New SoNo apartment complex enters final phase of construction
NORWALK — Herbert Edmondson is among those sorry to see the construction workers pack up their equipment from a swath of South Norwalk between Water and Day streets, who have been regulars the past several years at his Herb’s Place food truck.
But Edmondson is seeing more fresh faces becoming familiar ones as they walk across Water Street for breakfast or lunch, he adds, from their new apartments in the Soundview Landing and Harbourside SoNo complexes those crews built.

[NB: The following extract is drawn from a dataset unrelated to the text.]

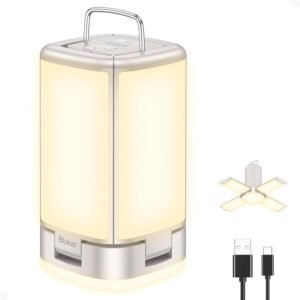 Blukar 116 LED Camping Lantern Rech...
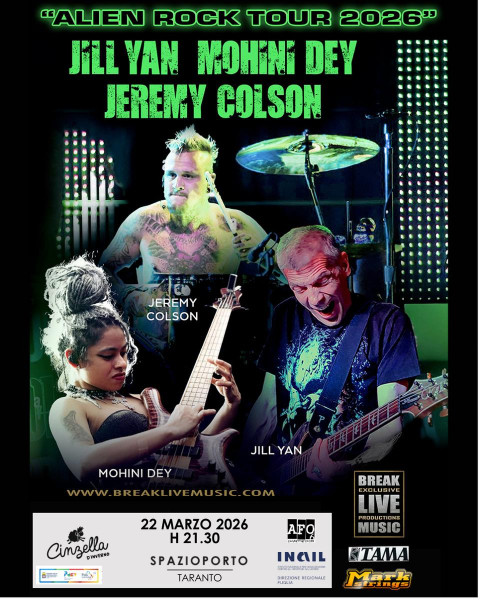 "JILL YAN MOHINI DEY & JEREMY COLSON  "Alien Rock Tour"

Gov. Ned Lamont was in Norwalk on Friday to mark the construction of the third and final phase for Soundview Landing. The buildings replace the Washington Village apartments that had been the oldest in Connecticut where families could qualify for subsidies through the state Department of Housing, with the complex also including an equal number of units at market rents. The Norwalk Housing Authority helped families move to other apartments until Soundview Landing could be completed.
“You want a community where people can afford to
live; you want a community where your kids can afford to live,” Lamont said Monday at John H. Ryan Park across from Soundview Landing. “We got away from that a little bit over the last 50 years in this country.”
Soundview Landing has 273 apartments, with public assistance available for 136 of them. It is one of two new complexes in South Norwalk along with the adjacent Harbourside SoNo apartments. Both are within walking distance of Veterans Memorial Park on Norwalk Harbor, The Maritime Aquarium, the South Norwalk commuter rail station and a planned
branch of the Norwalk YMCA.
Over the past decade hundreds of people have worked on Soundview Landing, according to Michael Lozano, vice president of development for Trinity Financial which has its main office in Boston. He noted a two-year delay for the $160 million project as a result of litigation from a group called Friends of Ryan Park. And designers had to elevate both the buildings and Day Street itself to get above newly revised flood stage levels on the heels of the 2012 storm Sandy which inundated the neighborhood.
“We really like tough
projects, we like challenges — but this one took the cake,” Lozano said Monday.
Ahead of construction commencing in November 2016, Washington Village was the oldest public housing complex in Connecticut. On Monday, Mayor Harry Rilling echoed comments he made nearly five years ago at a ceremonial groundbreaking, describing Washington Village as “tired” dating back to his days as a child visiting cousins who lived there.
“This is truly a transformative day for the city of Norwalk,” Rilling said. “There’s no better feeling than pride in where you live, and the amenities in the building are many — things that people didn’t have before.”
Lamont noted the complexity of the financing secured by developer Trinity
Financial to see Soundview Landing through to the finish, from Norwalk Housing Authority grants to tax credits for low-income housing purchased by Red Stone Equity Partners, a New York City firm that resells them to other investors.
“Housing authorities all over the country are becoming the real critical engines for innovative housing, new housing that is replacing the public housing that we knew of old,” said Richard Roberts, Red Stone Equity’s chief business development officer who was once commissioner of the New York City Department of Housing Preservation and Development. “I can’t remember seeing a better representation of that work than today.”
Trinity Financial has
developed multiple apartment buildings in Connecticut over the years, including 66 Summer Street and Vela on the Park in Stamford; and Quinnipiac Terrace and Rowe Apartments in New Haven.
Soundview Landing is the largest of a quartet of major additions in South Norwalk the past five years, alongside the new Harbourside SoNo apartments; The Pearl and 19 Day Street. Next up is The Platform which will total more than 120 apartments on Chestnut Street.
Norwalk resident Dennis Quirk took in the newest apartments Monday while having lunch on a park bench.
“They’ve done a beautiful job,” Quirk said.